Your assignment: A word-for-word copy of the records below is needed, without the images.

Information:

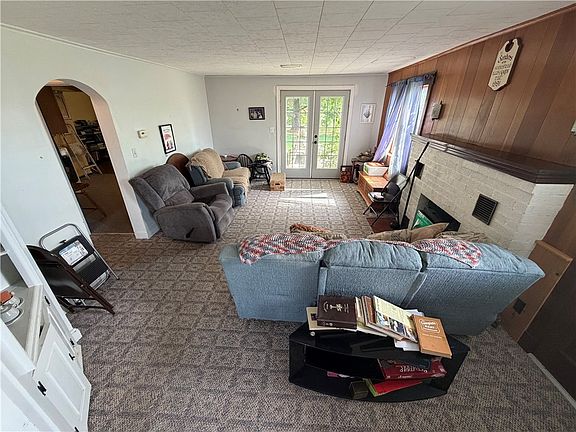 3rd image of 10156 N 800th St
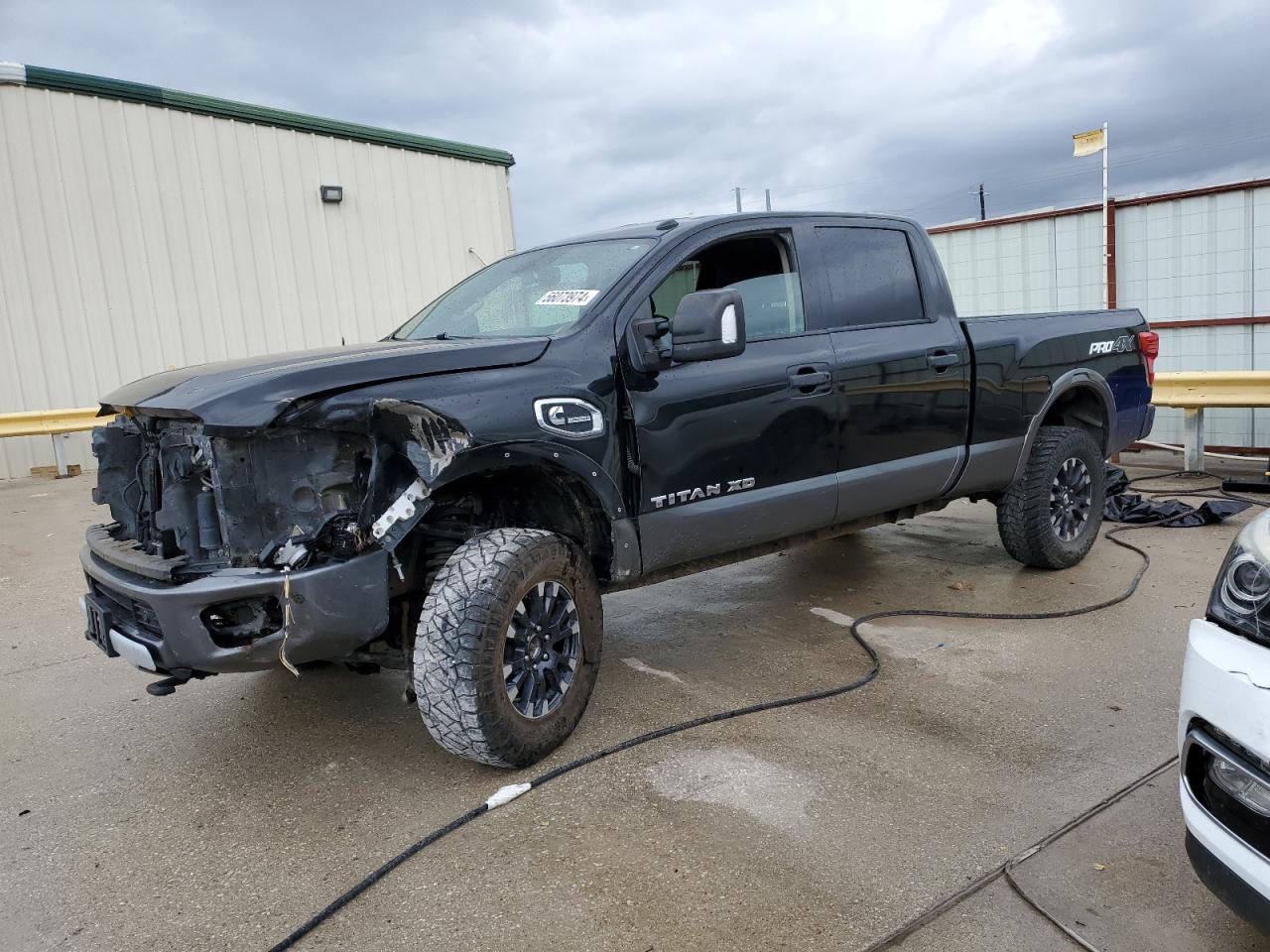 2016 NISSAN TITAN XD SL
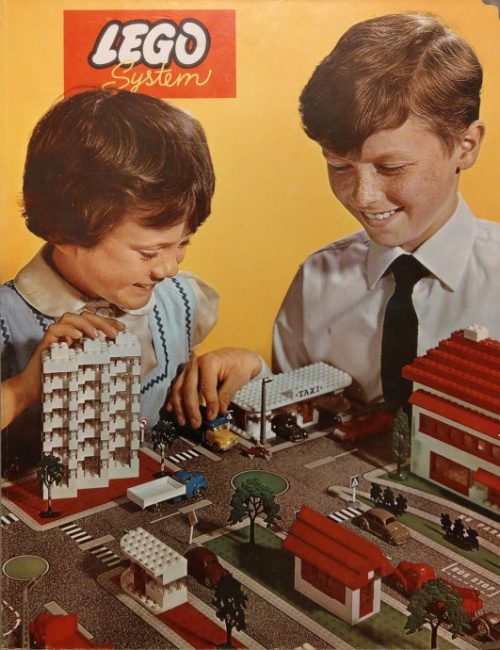 200-5 LEGO Town Plan Board, UK / Australian Cardboard Version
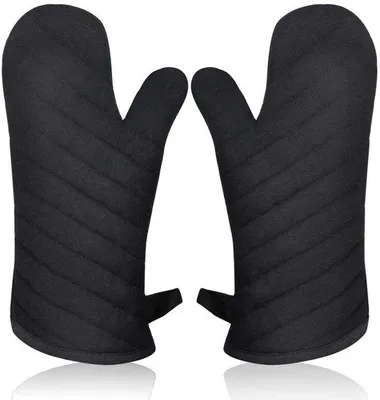 Immagine prodotto di Guanti da forno resistenti al calore Unyqoos®, set da 2 – fino a 230 °C, maniche da 33 cm, antiscivolo, fodera in poliestere e cotone, lavabili, ideali per cucina e barbecue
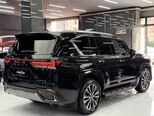 Lexus LX 500d-15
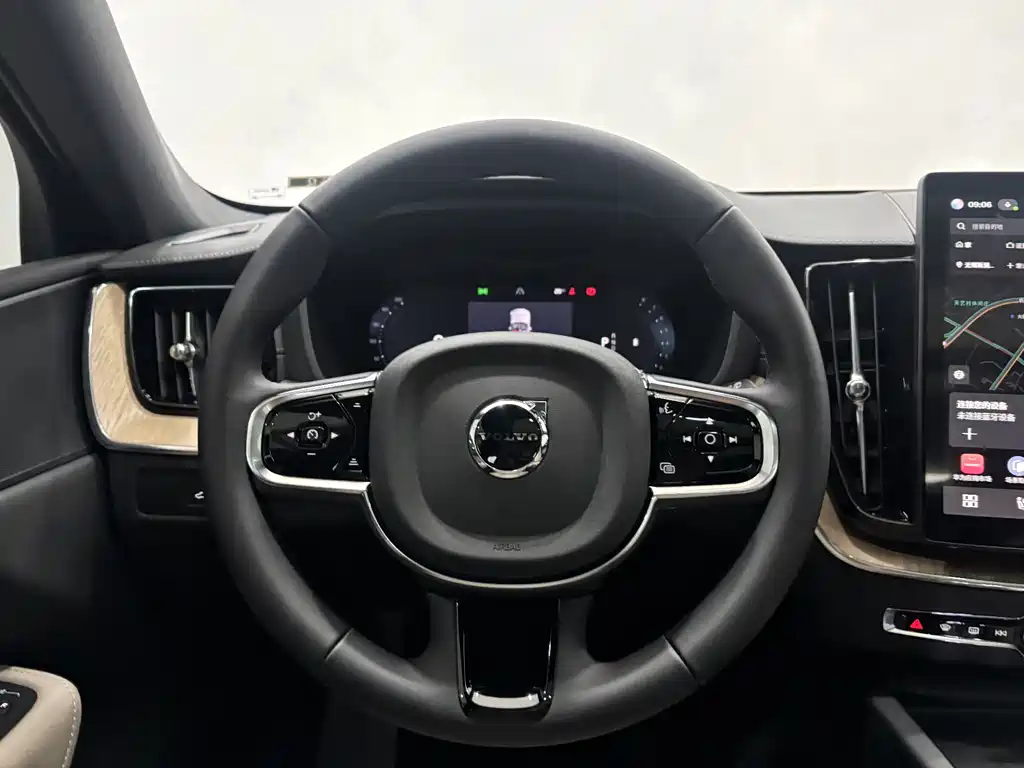 Volvo XC60 2025 — фото 14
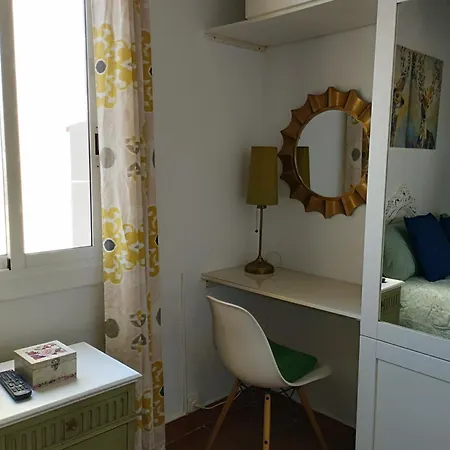 Penthouse Pza Espana - 4th Floor Apartment *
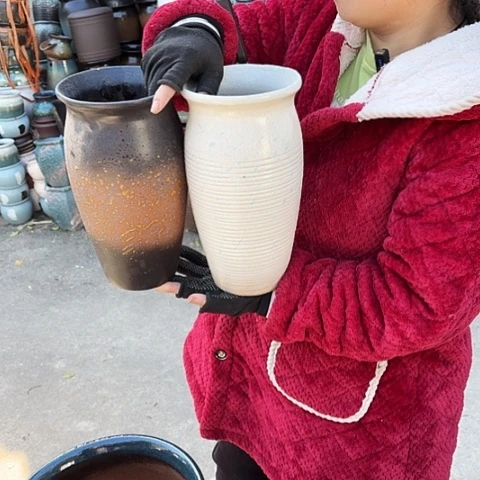 14口26高瑕疵两个。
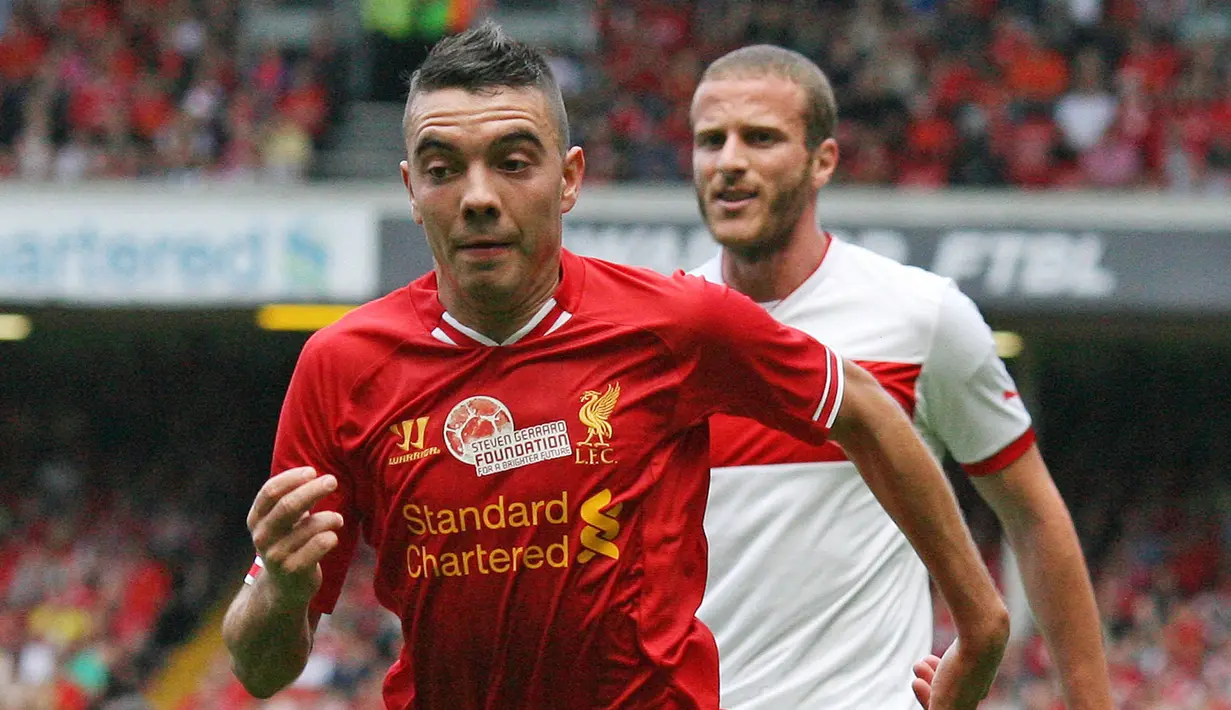 Ketajaman Iago Aspas di Celta Vigo tak mampu berlanjut saat membela Liverpool. Ia bahkan tak mampu membuat satupun gol di Liga Inggris saat berseraga The Reds. Sempat dipinjamkan ke Sevilla, Aspas akhirnya memilih kembali ke Celta Vigo. Sejak saat itu, perlahan kariernya mulai membaik. Penyerang asal Spanyol tersebut mencatatkan 121 gol dari 235 pertandingan. Ia juga sukses meraih 4 Zarra Trofi yang merupakan penghargaan bagi pemain lokal tertajam di LaLiga. (AFP/Lindsey Parnaby)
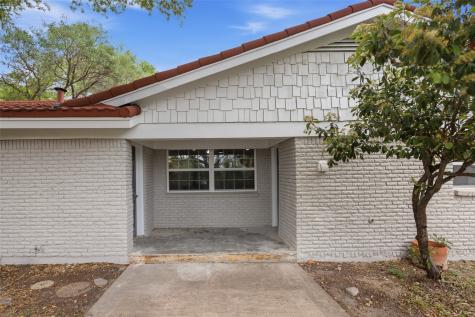 8516 La Jolla Court Benbrook TX 76116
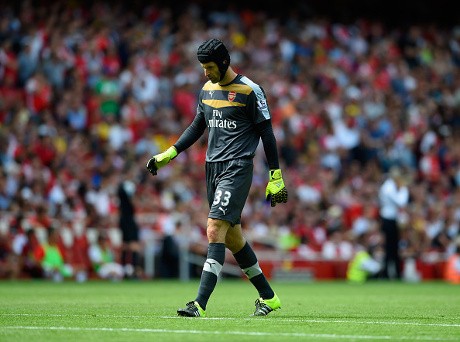 Mimpi Buruk di Laga Debut Cech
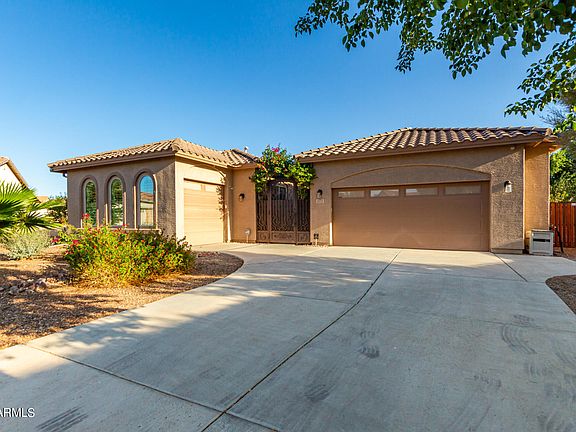 3rd image of 1173 E Furness Drive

Task output:
 3rd image of 10156 N 800th St
 2016 NISSAN TITAN XD SL
 200-5 LEGO Town Plan Board, UK / Australian Cardboard Version
 Immagine prodotto di Guanti da forno resistenti al calore Unyqoos®, set da 2 – fino a 230 °C, maniche da 33 cm, antiscivolo, fodera in poliestere e cotone, lavabili, ideali per cucina e barbecue
 Lexus LX 500d-15
 Volvo XC60 2025 — фото 14
 Penthouse Pza Espana - 4th Floor Apartment *
 14口26高瑕疵两个。
 Ketajaman Iago Aspas di Celta Vigo tak mampu berlanjut saat membela Liverpool. Ia bahkan tak mampu membuat satupun gol di Liga Inggris saat berseraga The Reds. Sempat dipinjamkan ke Sevilla, Aspas akhirnya memilih kembali ke Celta Vigo. Sejak saat itu, perlahan kariernya mulai membaik. Penyerang asal Spanyol tersebut mencatatkan 121 gol dari 235 pertandingan. Ia juga sukses meraih 4 Zarra Trofi yang merupakan penghargaan bagi pemain lokal tertajam di LaLiga. (AFP/Lindsey Parnaby)
 8516 La Jolla Court Benbrook TX 76116
 Mimpi Buruk di Laga Debut Cech
 3rd image of 1173 E Furness Drive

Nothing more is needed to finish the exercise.